→ **Description of the task**
Retrieve all lines below that have the string "Front".

→ **Data extracts**
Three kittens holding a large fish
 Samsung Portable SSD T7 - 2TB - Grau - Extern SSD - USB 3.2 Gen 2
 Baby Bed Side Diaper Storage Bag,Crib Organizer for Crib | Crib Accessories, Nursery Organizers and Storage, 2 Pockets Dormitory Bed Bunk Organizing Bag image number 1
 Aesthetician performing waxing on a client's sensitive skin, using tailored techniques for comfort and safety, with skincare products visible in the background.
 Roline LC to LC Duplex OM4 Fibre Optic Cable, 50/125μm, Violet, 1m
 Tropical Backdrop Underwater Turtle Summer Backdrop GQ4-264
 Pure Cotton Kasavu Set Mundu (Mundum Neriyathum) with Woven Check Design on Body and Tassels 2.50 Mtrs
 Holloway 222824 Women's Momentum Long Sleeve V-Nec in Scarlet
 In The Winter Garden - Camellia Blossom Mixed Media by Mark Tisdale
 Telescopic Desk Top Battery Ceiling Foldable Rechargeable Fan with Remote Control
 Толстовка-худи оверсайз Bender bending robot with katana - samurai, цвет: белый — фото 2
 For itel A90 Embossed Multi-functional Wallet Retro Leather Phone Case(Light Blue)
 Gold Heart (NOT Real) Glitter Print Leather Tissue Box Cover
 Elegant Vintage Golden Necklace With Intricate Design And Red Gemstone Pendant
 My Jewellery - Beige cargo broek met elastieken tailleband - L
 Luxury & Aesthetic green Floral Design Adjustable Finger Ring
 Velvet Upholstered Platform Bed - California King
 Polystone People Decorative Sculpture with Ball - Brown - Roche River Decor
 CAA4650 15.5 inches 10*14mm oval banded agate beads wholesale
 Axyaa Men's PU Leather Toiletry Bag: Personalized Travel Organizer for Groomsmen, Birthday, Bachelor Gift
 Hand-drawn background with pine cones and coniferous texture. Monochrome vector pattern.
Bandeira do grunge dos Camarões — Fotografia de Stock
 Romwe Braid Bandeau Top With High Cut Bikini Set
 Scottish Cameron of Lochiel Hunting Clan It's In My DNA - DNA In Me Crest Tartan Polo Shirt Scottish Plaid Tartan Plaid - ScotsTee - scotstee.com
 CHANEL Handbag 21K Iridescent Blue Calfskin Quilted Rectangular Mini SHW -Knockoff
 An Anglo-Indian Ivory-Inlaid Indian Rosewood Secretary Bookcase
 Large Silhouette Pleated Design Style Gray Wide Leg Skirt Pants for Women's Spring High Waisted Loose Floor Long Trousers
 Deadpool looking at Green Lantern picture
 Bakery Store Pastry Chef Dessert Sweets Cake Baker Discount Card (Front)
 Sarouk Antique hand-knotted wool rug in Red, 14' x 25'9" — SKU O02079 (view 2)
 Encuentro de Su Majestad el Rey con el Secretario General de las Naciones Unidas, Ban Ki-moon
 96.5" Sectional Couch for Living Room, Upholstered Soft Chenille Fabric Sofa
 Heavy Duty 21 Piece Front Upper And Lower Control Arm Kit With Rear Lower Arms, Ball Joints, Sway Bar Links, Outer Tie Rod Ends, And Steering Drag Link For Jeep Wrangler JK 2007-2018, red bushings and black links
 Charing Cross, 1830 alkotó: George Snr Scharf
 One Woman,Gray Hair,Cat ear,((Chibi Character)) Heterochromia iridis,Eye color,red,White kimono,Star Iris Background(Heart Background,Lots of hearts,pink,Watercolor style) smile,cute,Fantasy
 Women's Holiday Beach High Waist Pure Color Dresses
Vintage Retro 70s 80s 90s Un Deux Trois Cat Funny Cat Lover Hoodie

→ **Written response**
 Bakery Store Pastry Chef Dessert Sweets Cake Baker Discount Card (Front)
 Heavy Duty 21 Piece Front Upper And Lower Control Arm Kit With Rear Lower Arms, Ball Joints, Sway Bar Links, Outer Tie Rod Ends, And Steering Drag Link For Jeep Wrangler JK 2007-2018, red bushings and black links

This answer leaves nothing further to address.